Much of Jesus’s burial follows the social norms of the time. According to Roman protocol during the rule of Caesar Augustus, the body of a crucified person would have been given to the family or friends who requested it. This request for a body was generally only refused if the person had committed a treasonous act—such as an assassination attempt on a Roman official or leading an armed rebellion. The bodies of people convicted of these kinds of high crimes would be left hanging on their crosses as a deterrent for others. The fact that Pilate releases Jesus’s body to Joseph of Arimathea is a hint that Pilate, although agreeing to executing Jesus for the charge of treason, did not actually consider Him to be a political threat.

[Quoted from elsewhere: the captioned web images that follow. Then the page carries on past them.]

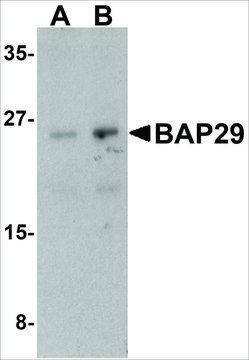 Anti-BAP29 (ab2) antibody produced in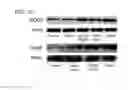 Fig. 03 - COMPOSITIONS AND METHODS FOR THE TREATMENT OF OCULAR OXIDATIVE STRESS AND RETINITIS PIGMENTOSA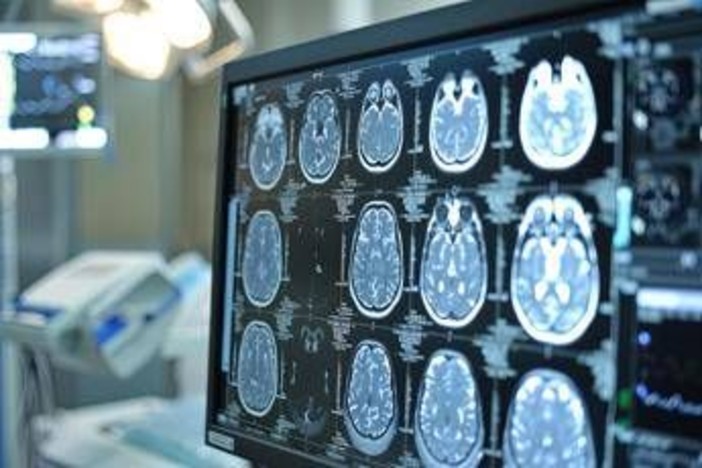 Neoplasie cerebrali, in Italia ogni anno 3mila casi di glioma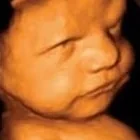 Foto de Dr. Arturo Garcia Witrago, Ginecología y Obstetricia en León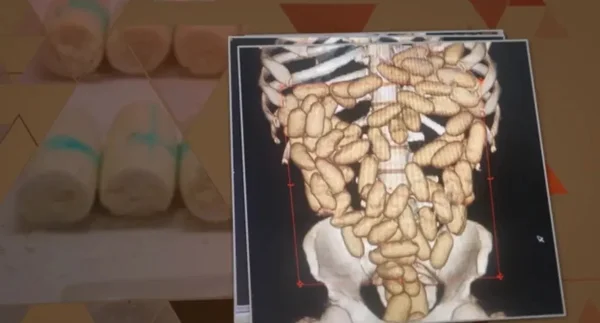 imagens de cápsulas de drogas em raio x - metrópoles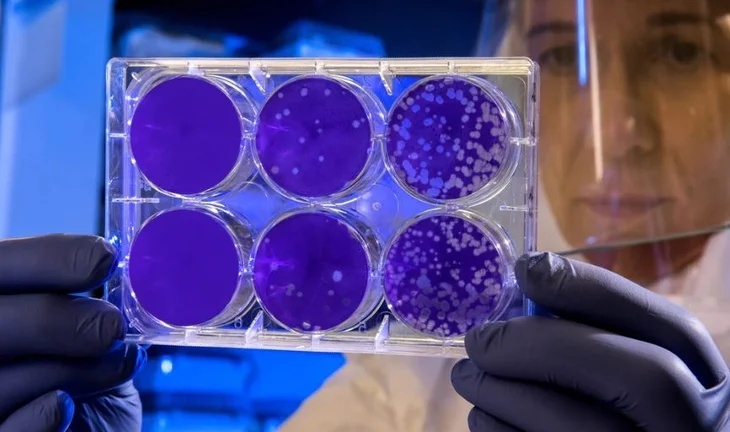 As the coronavirus virus spreads, banks need virology expertise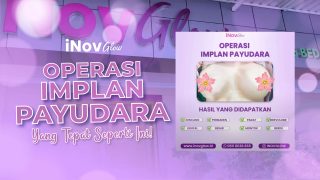 Mencari Bentuk Payudara Baru? Pilihan Pasca Pelepasan Implan Payudara yang Perlu Anda Ketahui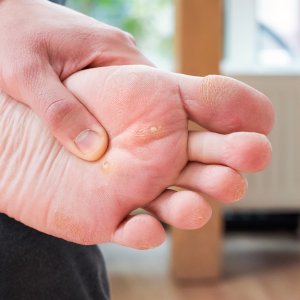 Corns And Calluses Treatments Near Me in Scottsdale, AZ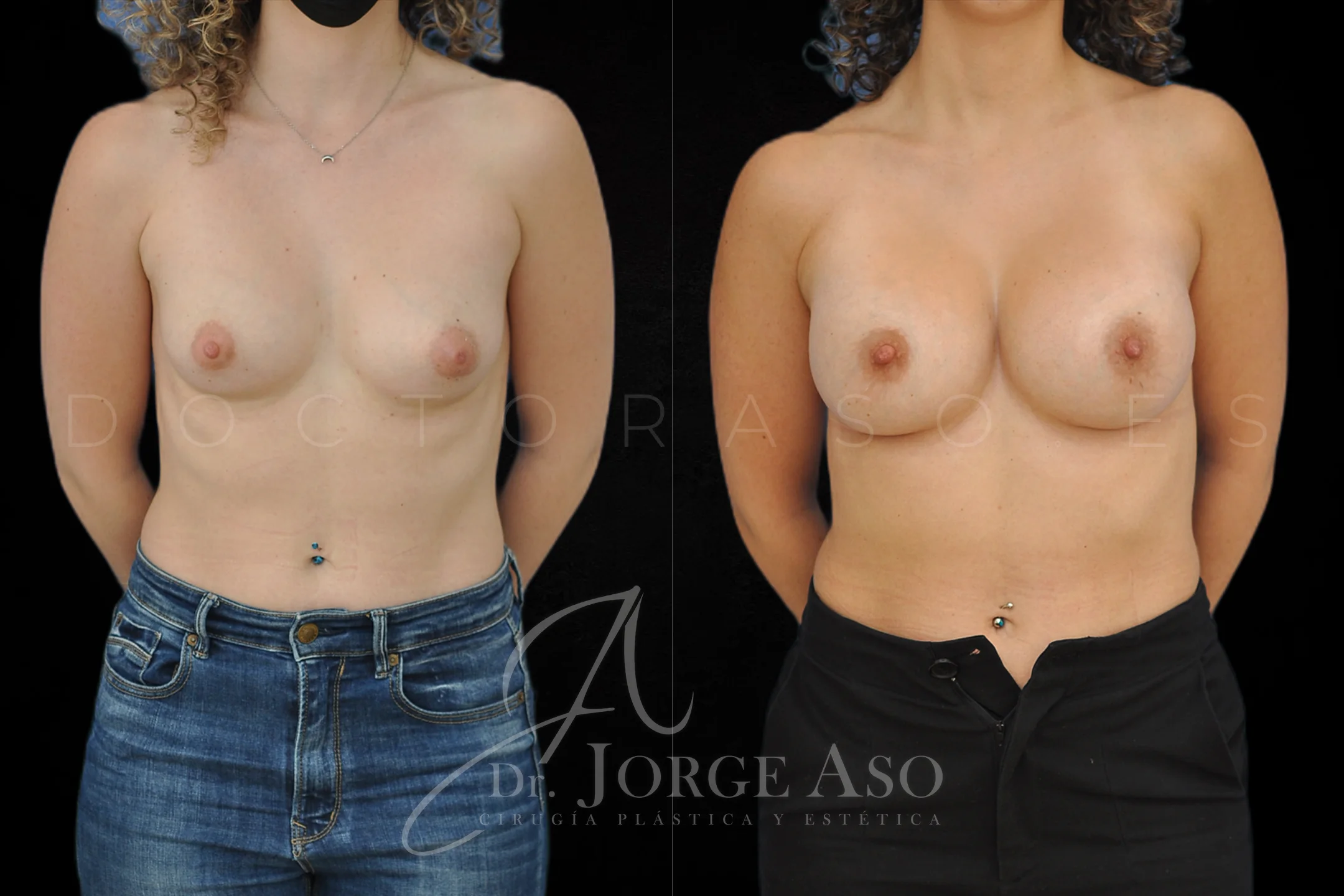 Aumento de pecho con protesis Redondas de 400 cc perfil Alto vista frontal
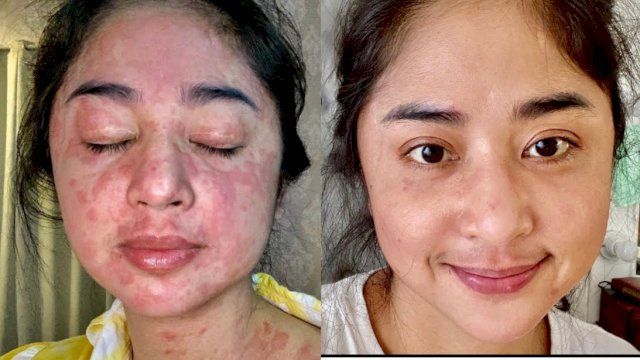 Lama Menghilang, Pas Muncul Muka Dewi Perssik Penuh Bercak Merah, Ternyata Positif Covid-19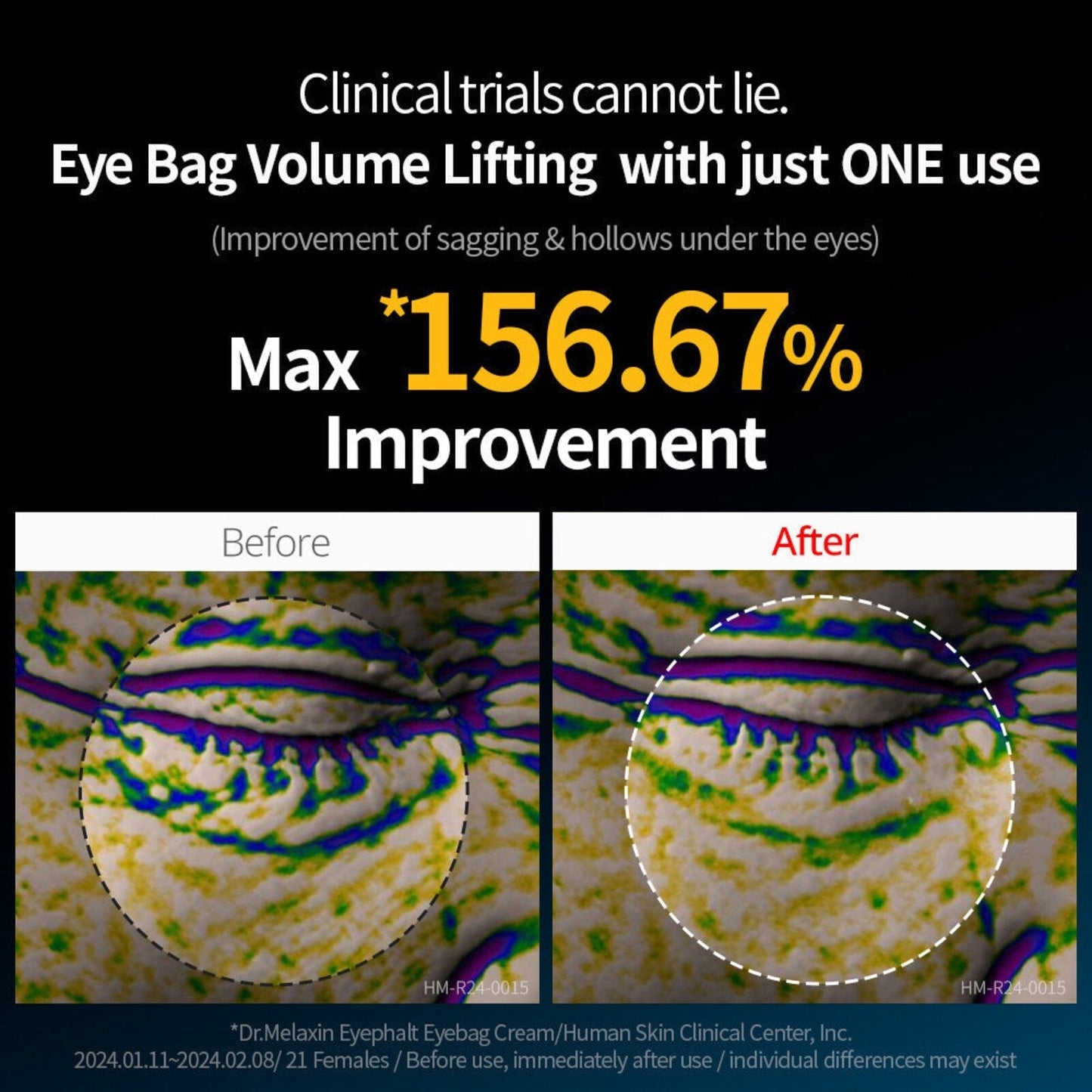 Eye bag volume lifting infographic with before and after under-eye circle views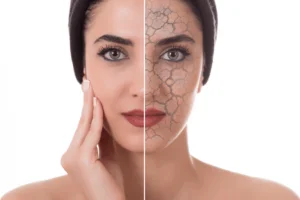 Dry skin dermatology care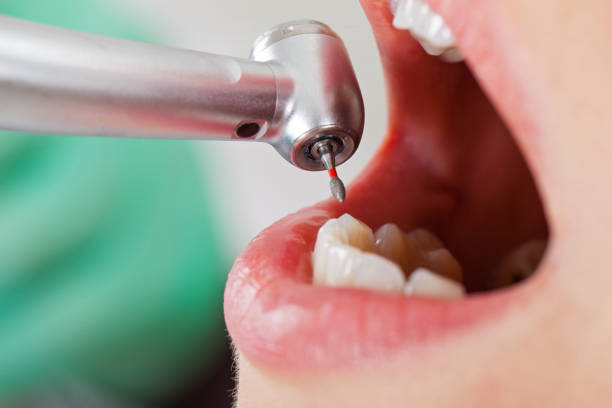 Best Emergency Tooth Extraction in Fair Oaks, VA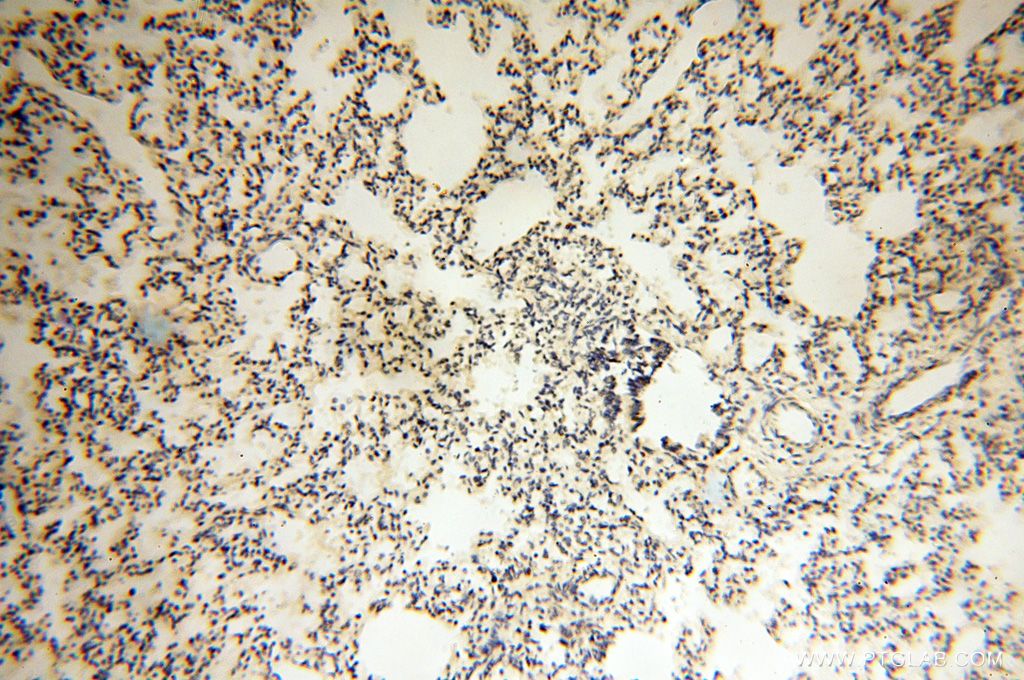 Immunohistochemistry (IHC) staining of human lung tissue using LCORL Polyclonal antibody (17468-1-AP)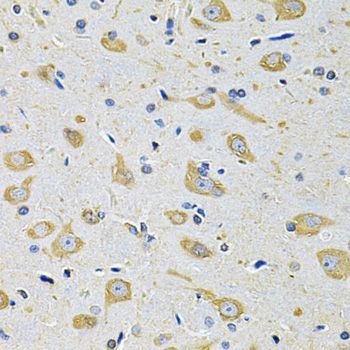 Immunohistochemistry - FASTKD1 Polyclonal Antibody (144-07384)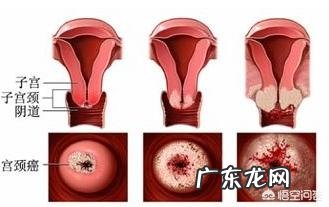 宫颈癌早期有什么症状?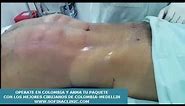 Cirugia plastica Colombia Medellin - sofina clinic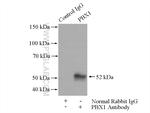 PBX1 Antibody in Immunoprecipitation (IP)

And Pilate would have seen nothing unusual about Joseph of Arimathea coming to ask for Jesus’s body. In a case such as this, when a Jew had been condemned by the Sanhedrin and turned over to the Roman officials to carry out the death sentence, it was the responsibility of the Sanhedrin to dispose of the body. What is unusual, however, is that Jesus’s body is placed into a brand new tomb inside a nearby garden. Sanhedrin law dictated that criminals’ bodies were to be buried in specially designated ‘wretched places.’ So that even in death, they couldn’t defile the bodies of others with their evil.

Which leads to a question. Why was Jesus’s body sealed inside a tomb carved from rock?

Was it because the Sanhedrin wanted to make sure that His body wouldn’t mysteriously go missing? Afraid that the disciples would steal the body and then claim that Jesus has risen from the dead.

Or was it because Joseph and Nicodemus were no longer being held back by their fear? Maybe they were two of the religious leaders described in John 12:42, who had begun to believe in Jesus but were afraid to openly acknowledge their faith because the Pharisees could put them out of the synagogue. If Joseph and Nicodemus were in this group, perhaps their experience of Jesus’s death has made them bold.

Perfect love has driven out their fear.

Meditation: What makes you afraid about your faith?